The tale of a telescope

In this month’s Journal for the History of Astronomy I have a book review of Richard Gillespie’s The Great Melbourne Telescope – a book I enjoyed reading and a review I enjoyed writing.

The Great Melbourne Telescope. Richard Gillespie (Museum Victoria Publishing, Melbourne, 2011). Pp. 188. AUD 29.95 (paperback). ISBN 978-1-92183-305-2.

This readable and well-illustrated book takes a journey that begins in 1840s Ireland and passes through the astronomical élites of Victorian Britain, colonial Australian society and twentieth-century international collaborative research programmes. The telescope that provides the focus of this story is both a remarkable physical pres- ence and an object of different meanings in the minds of those who dreamed it up, designed it, built it, worked with it or simply visited it. The cast of characters who swiftly cross these pages include British princes, a Fenian agitator, colonial officials and, of course, astronomers major and minor.

Gillespie commendably handles this broad canvas and the specific or more technical details. The content, bibliography and endnotes are proof of knowledge and research that is woven well into an engaging narrative, only occasionally weighted down with the detail necessary to explain the frequent delays and pauses that characterized the history of this telescope. Each chapter opens with a section of semi-dramatized storytelling that, although it felt a little artificial with repetition, works to keep the reader’s interest and, more importantly, to focus attention on telling episodes.

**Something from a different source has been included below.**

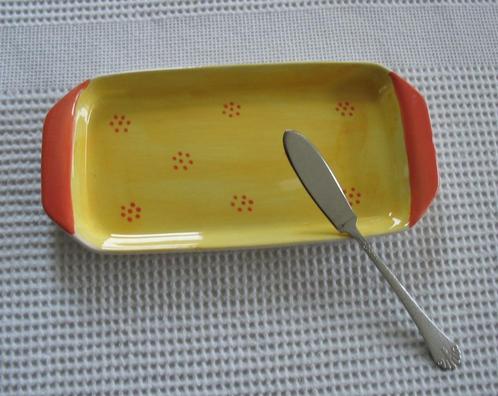 Schaaltje en botermesje voor brie of roomkaas, Huis en Inrichting, Keuken | Servies, Gebruikt, Schaal of Schalen, Overige stijlen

Thus the first chapter opens on a cold night in Ireland, with Lord Rosse, Sir James South and Thomas Romney Robinson observing with Rosse’s ‘Leviathan’. These men, the ambitious telescope and the aim of resolving disputes about the nature of nebulae form the story’s background. The southern hemisphere beckoned as a field that, despite John Herschel’s work, remained relatively unexplored, and with climates more promising than Ireland’s for the use of large mirrored telescopes. Rosse and Robinson, while President of the Royal Society and the British Association for the Advancement of Science respectively, had their moment in 1852 to create the joint Southern Telescope Committee.

The published correspondence of this committee presents the historian with a wonderful resource to explore the currents of astronomical research, telescope design, politics and personalities. Disagreements caused delay as did, almost fatally to the project, the Crimean War. It took intense lobbying from the colonies to revive the project, and so enters, in the second chapter, the bounding figure of William Wilson, an ambitious, undiplomatic professor of mathematics in Melbourne. Gillespie’s account of society in colonial Victoria is particularly well drawn, with a sense of its burgeoning development until depression hit late in the century. It is a place where names and fortunes could be made, where local, colonial and national identities were consciously developed, and where a large telescope could make a big statement.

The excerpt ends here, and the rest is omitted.